Fibrillation atriale (Fibrillation auriculaire): comprendre l’arythmie (ICPS, Hôpital Jacques Cartier – Paris Sud, Massy)

La fibrillation atriale (ou fibrillation auriculaire) est le trouble du rythme cardiaque le plus fréquent.
Elle touche environ 1 % de la population et près de 10 % des personnes de plus de 80 ans.
Elle peut survenir :

  • avec l’âge
  • en lien avec certaines maladies cardiaques
  • en cas d’hypertension, de diabète ou de surpoids
  • ou parfois chez des personnes jeunes, sans antécédent

À l’Institut Cardiovasculaire Paris Sud (ICPS), situé à Massy, au sud de Paris, en Île-de-France,
nous prenons en charge de nombreux patients atteints de fibrillation atriale, depuis le diagnostic jusqu’aux traitements
(ablation par électroporation, traitements médicamenteux, suivi spécialisé).

Que se passe-t-il dans le cœur ?

En situation normale, le rythme cardiaque est coordonné par le nœud sinusal, qui transmet l’influx électrique vers les ventricules.

Dans la fibrillation atriale, l’activité électrique devient :

  • désorganisée
  • anarchique
  • alimentée par des foyers situés dans l’oreillette gauche (initialement autour des veines pulmonaires)

ECG illustrant un trouble du rythme compatible avec une fibrillation atriale

Quels sont les symptômes ?

Les manifestations varient selon les patients :

  • Palpitations (le plus fréquent)
  • Essoufflement
  • Fatigue à l’effort
  • Malaises voire pertes de connaissance

Au début, les crises sont souvent intermittentes, puis peuvent devenir persistantes si aucune prise en charge n’est instaurée.

Quels sont les risques ?

La fibrillation atriale peut entraîner :

  • la stagnation du sang dans l’oreillette
  • la formation de caillots (thrombus)
  • qui peuvent migrer et provoquer un AVC

Elle peut aussi contribuer à une insuffisance cardiaque.

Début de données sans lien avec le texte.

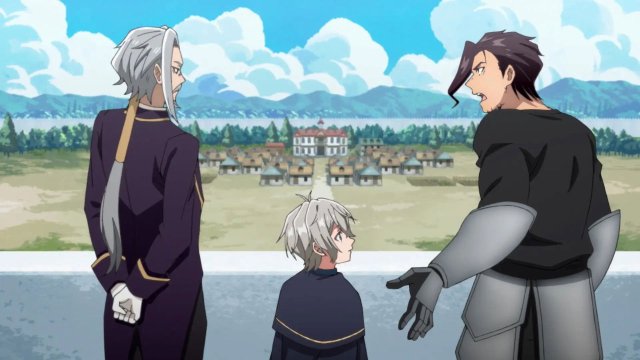 Lãnh chúa vô tư vui thú bảo vệ lãnh địa ~ Biến ngôi làng vô danh thành pháo đài mạnh nhất bằng ma pháp hệ sản xuất ~ (Easygoing Territory Defense by the Optimistic Lord 2026)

Réduire les facteurs favorisant

À l’ICPS, centre expert en rythmologie interventionnelle en Île-de-France,
une prise en charge globale vise à réduire les éléments aggravants :

  • hypertension
  • surpoids
  • alcool
  • diabète
  • apnée du sommeil
  • sédentarité

Les patients peuvent ainsi bénéficier d’une évaluation complète et d’un suivi personnalisé de leur arythmie.

Les traitements

Ablation par électroporation

  • diminue les symptômes
  • limite l’évolution vers une FA persistante
  • préserve la fonction cardiaque

Traitements anti-arythmiques

Ils peuvent être utilisés seuls ou en complément de l’ablation, selon le profil du patient.

Anticoagulants

Ils réduisent le risque d’AVC. Leur poursuite dépend du score de risque individuel (CHADSVA).

Cardioversion électrique

Dans certaines FA persistantes, elle permet de restaurer temporairement le rythme sinusal afin de réévaluer le patient en rythme sinusal.

ICPS : un centre expert en fibrillation atriale en Île-de-France

L’Institut Cardiovasculaire Paris Sud (ICPS), à Massy, est un centre de référence du Grand Paris pour la prise en charge de la fibrillation atriale.

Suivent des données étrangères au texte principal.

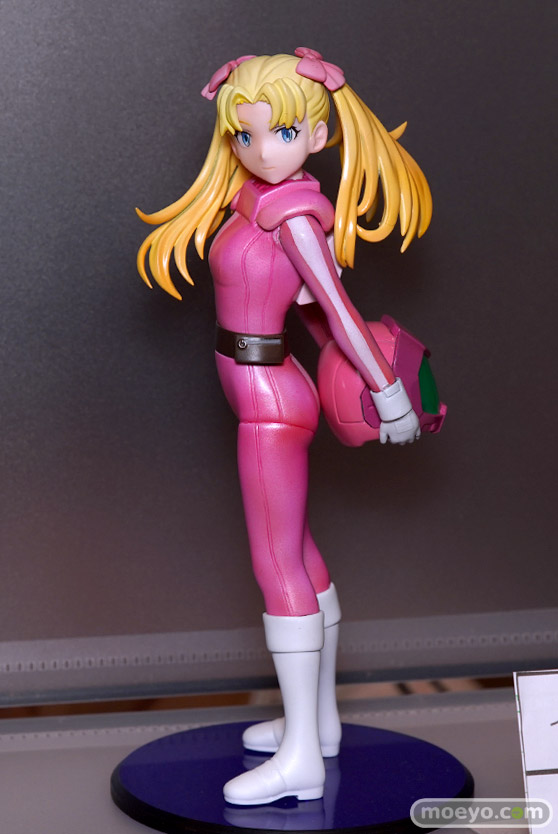 画像　フィギュア　サンプル　レビュー　C3AFA TOKYO 2018　HOLIDAY SPECIAL L．F．D． MonoworksFactory 01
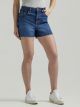 Wrangler Women's High Rise Bailey Shorts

L’équipe de rythmologie y réalise le bilan et l’intervention (dont l’ablation par électroporation).

Conclusion

La fibrillation atriale est une maladie évolutive, mais une prise en charge précoce, structurée et globale
améliore nettement la qualité de vie et la stabilité du rythme. Être suivi dans un centre expert comme l’ICPS,
Hôpital Jacques Cartier (Massy, Paris Sud), permet de bénéficier des dernières avancées thérapeutiques et d’un suivi adapté à votre situation.

 

La fibrillation atriale est-elle une maladie grave?

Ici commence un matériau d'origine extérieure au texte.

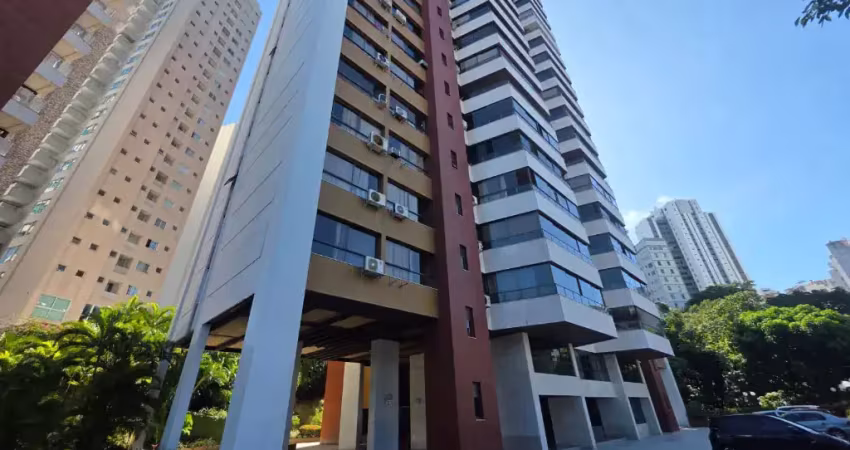 Apartamento com 5 quartos à venda na Rua Tenente Pires Ferreira, 143, Barra, Salvador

La fibrillation atriale expose au risque d’AVC et d’insuffisance cardiaque. Un prise en charge adaptée et précoce permet cependant de vivre une vie normale.

Comment éviter l'installation de la fibrillation atriale?

Une prise en charge précoce permet d’éviter les épisodes d’arythmies et évitent ainsi l’évolution vers une forme persistante. La stratégie la plus efficace pour éviter les épisodes d’arythmie repose sur l’ablation.

Quels sont les symptômes de la fibrillation atriale?

La fibrillation atriale se manifeste en général par des palpitations, un essoufflement ou une fatigue inhabituelle. Elle peut aussi être asymptomatique, c’est à dire non ressentie, chez certaines personnes.

Comment faire le diagnostic de fibrillation atriale?

Le diagnostic de fibrillation atriale repose sur la réalisation d’un électrocardiogramme (ECG) pendant un épisode d’arythmie. L’ECG peut être réalisé par un enregistrement de 48h (Holter ECG), ou bien via une montre connectée.